◆ **WORK ORDER**
Please repeat each line from the one holding "The practice measure" through the final line of the data, exactly as it stands, with no pictures.
· · · · ·
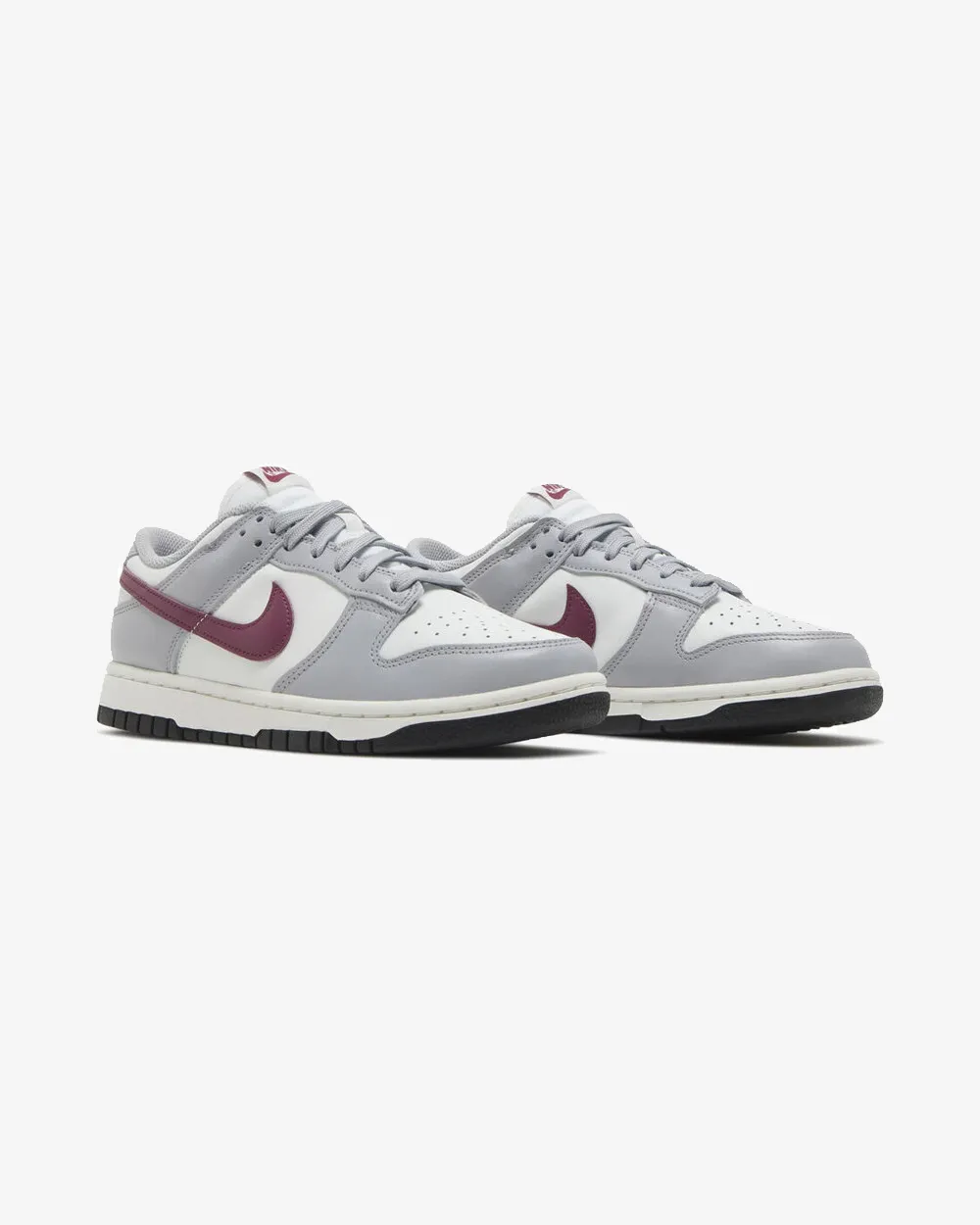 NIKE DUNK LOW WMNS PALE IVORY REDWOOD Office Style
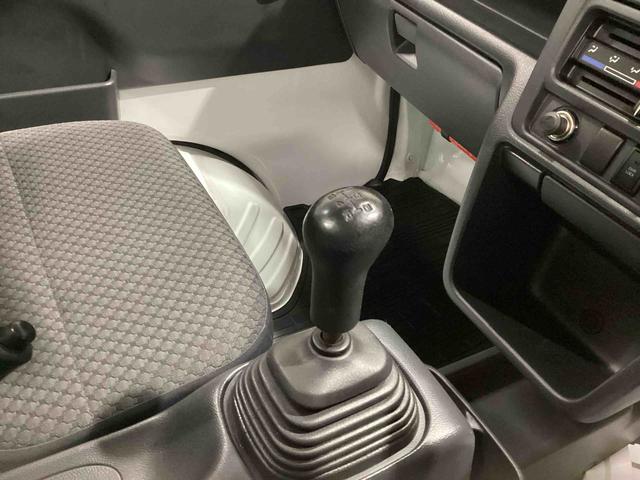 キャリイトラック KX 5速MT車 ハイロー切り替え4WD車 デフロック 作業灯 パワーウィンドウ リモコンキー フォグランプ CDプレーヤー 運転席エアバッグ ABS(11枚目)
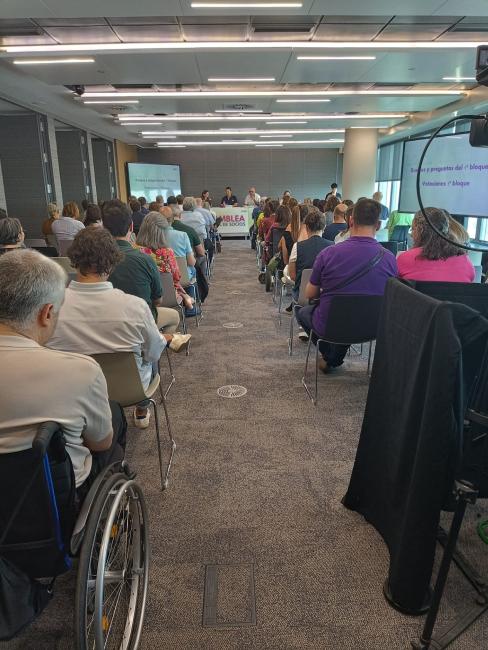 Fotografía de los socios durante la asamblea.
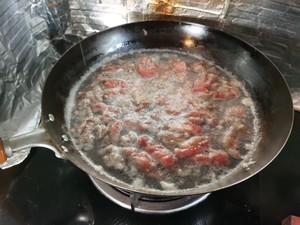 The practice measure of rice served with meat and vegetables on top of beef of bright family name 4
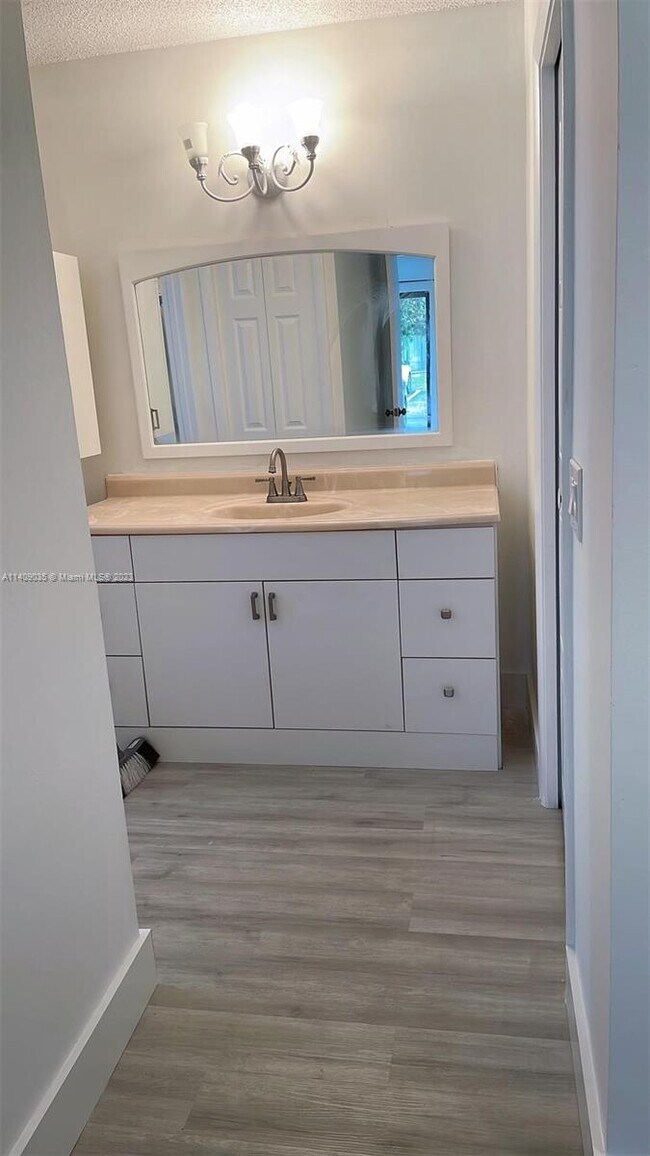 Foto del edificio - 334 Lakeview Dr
· · · · ·
◆ **THE ANSWER**
 The practice measure of rice served with meat and vegetables on top of beef of bright family name 4
 Foto del edificio - 334 Lakeview Dr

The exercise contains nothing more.